#### WHAT IS EXPECTED
Reproduce exactly the lines of this material that begin at the line with "Ruched Sweetheart Neck Balloon Sleeve Blouse" and end at the line with "925 Sterling Silver", both included. Omit the pictures and everything else.

#### THE INPUT
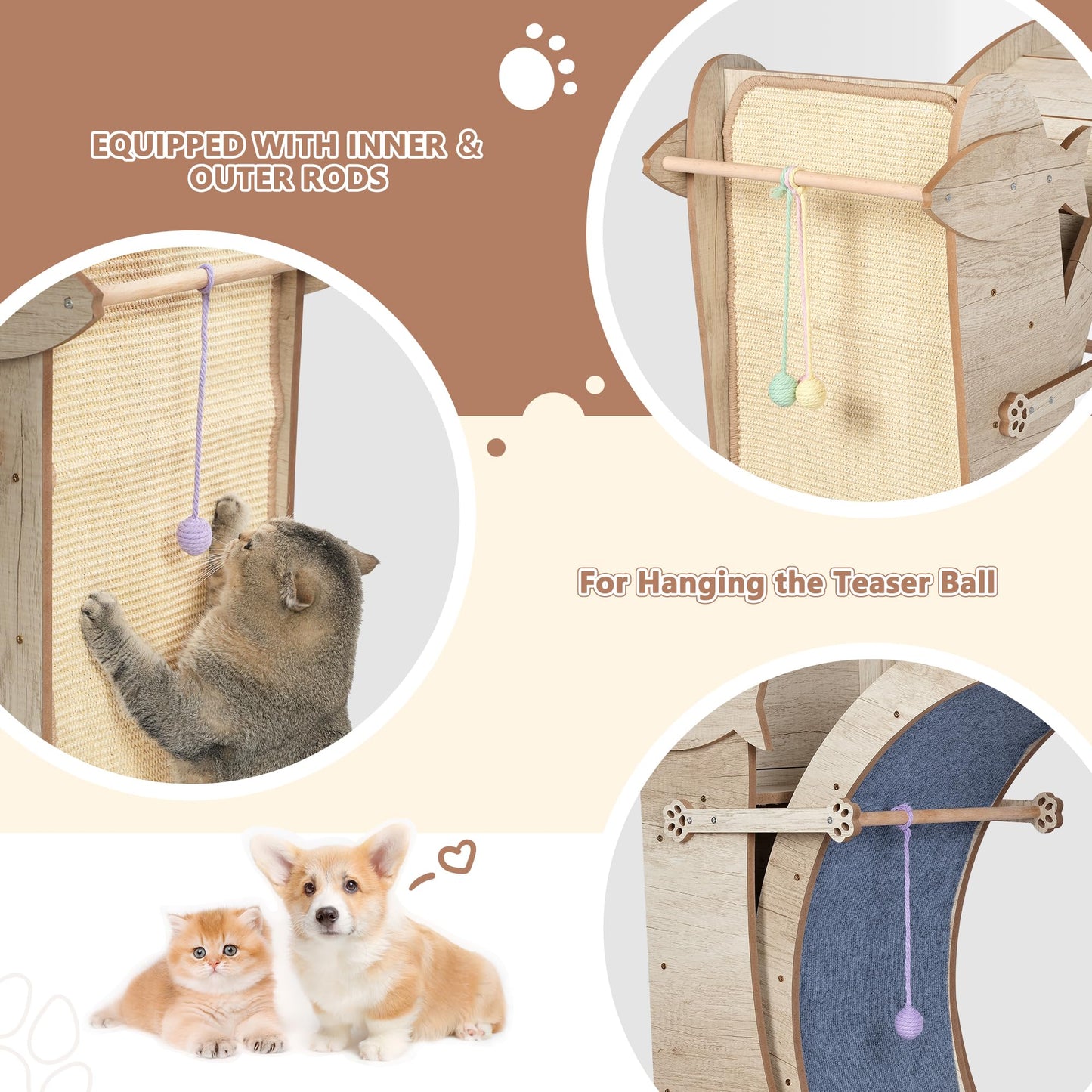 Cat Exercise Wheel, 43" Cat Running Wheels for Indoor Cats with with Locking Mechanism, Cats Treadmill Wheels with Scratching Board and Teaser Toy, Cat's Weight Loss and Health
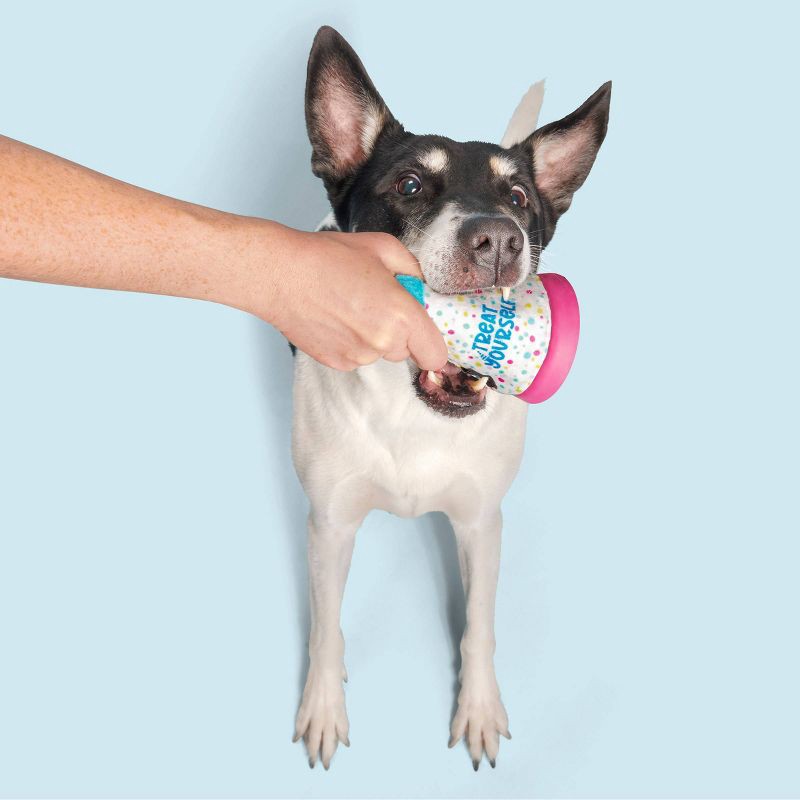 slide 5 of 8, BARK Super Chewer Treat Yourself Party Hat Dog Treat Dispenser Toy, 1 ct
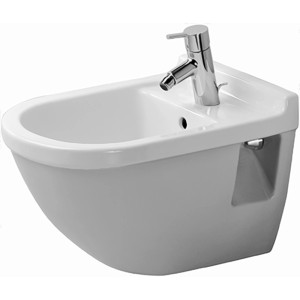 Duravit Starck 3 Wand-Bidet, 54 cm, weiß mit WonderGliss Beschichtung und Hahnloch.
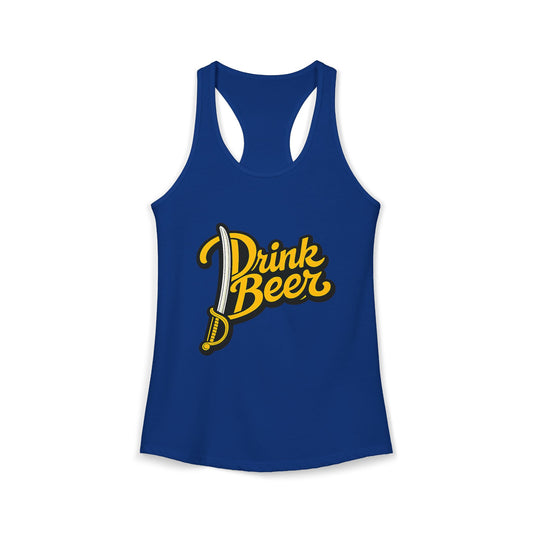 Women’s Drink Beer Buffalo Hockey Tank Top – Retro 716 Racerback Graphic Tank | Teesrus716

---

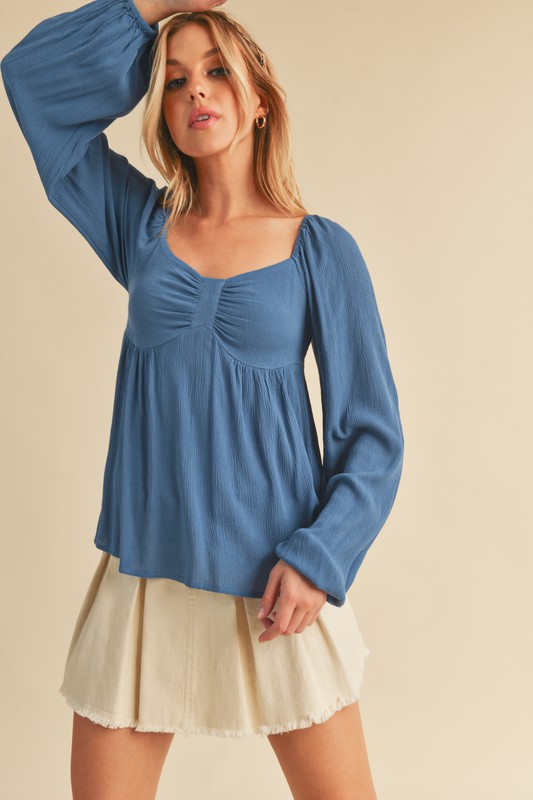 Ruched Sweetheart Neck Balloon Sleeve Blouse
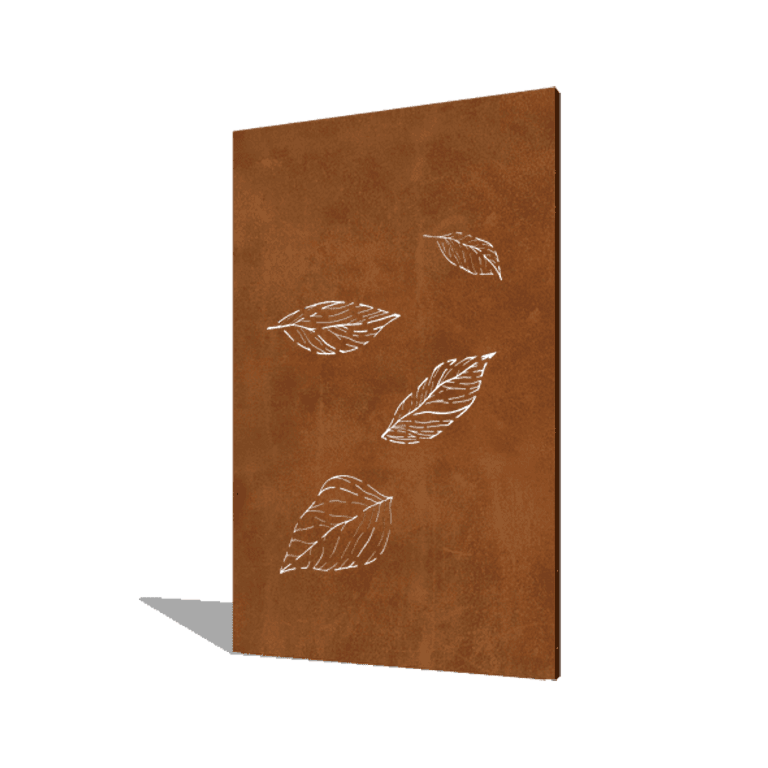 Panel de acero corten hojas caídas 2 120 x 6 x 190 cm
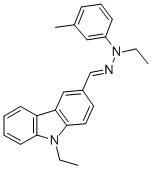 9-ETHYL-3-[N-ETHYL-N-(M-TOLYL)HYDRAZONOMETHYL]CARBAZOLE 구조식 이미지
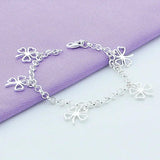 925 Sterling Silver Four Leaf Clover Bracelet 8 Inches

#### EXPECTED ANSWER
 Ruched Sweetheart Neck Balloon Sleeve Blouse
 Panel de acero corten hojas caídas 2 120 x 6 x 190 cm
 9-ETHYL-3-[N-ETHYL-N-(M-TOLYL)HYDRAZONOMETHYL]CARBAZOLE 구조식 이미지
 925 Sterling Silver Four Leaf Clover Bracelet 8 Inches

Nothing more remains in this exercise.